WORK TO BE COMPLETED — Please filter the listing for the string "Earrings" and copy each matching line.

RECORDS FOR THIS EXERCISE —

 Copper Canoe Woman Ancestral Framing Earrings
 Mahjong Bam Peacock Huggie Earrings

==

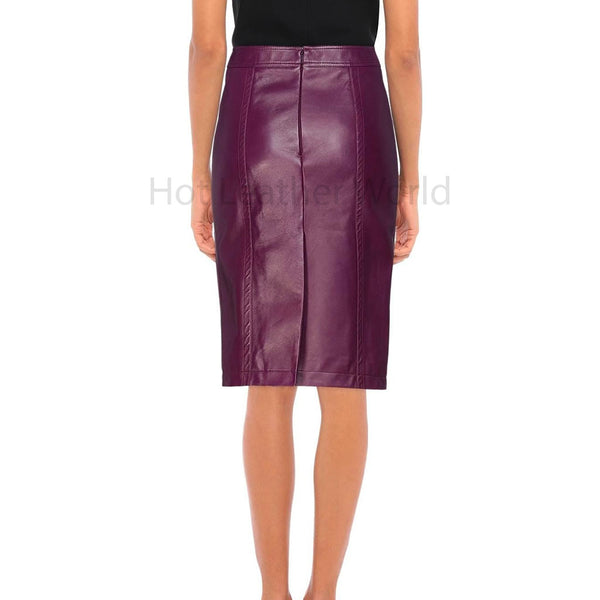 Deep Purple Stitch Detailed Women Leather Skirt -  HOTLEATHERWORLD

...

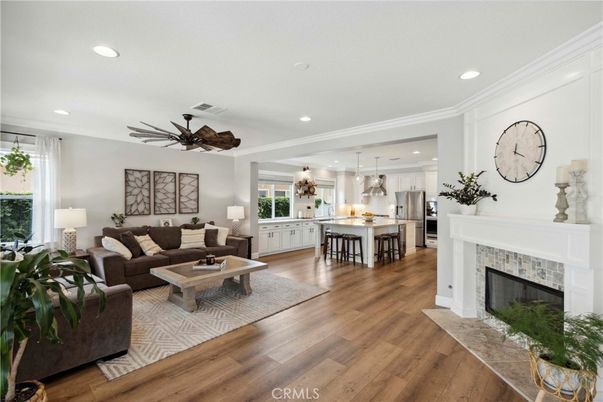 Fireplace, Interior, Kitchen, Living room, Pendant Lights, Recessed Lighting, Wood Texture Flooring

RESPONSE —
 Copper Canoe Woman Ancestral Framing Earrings
 Mahjong Bam Peacock Huggie Earrings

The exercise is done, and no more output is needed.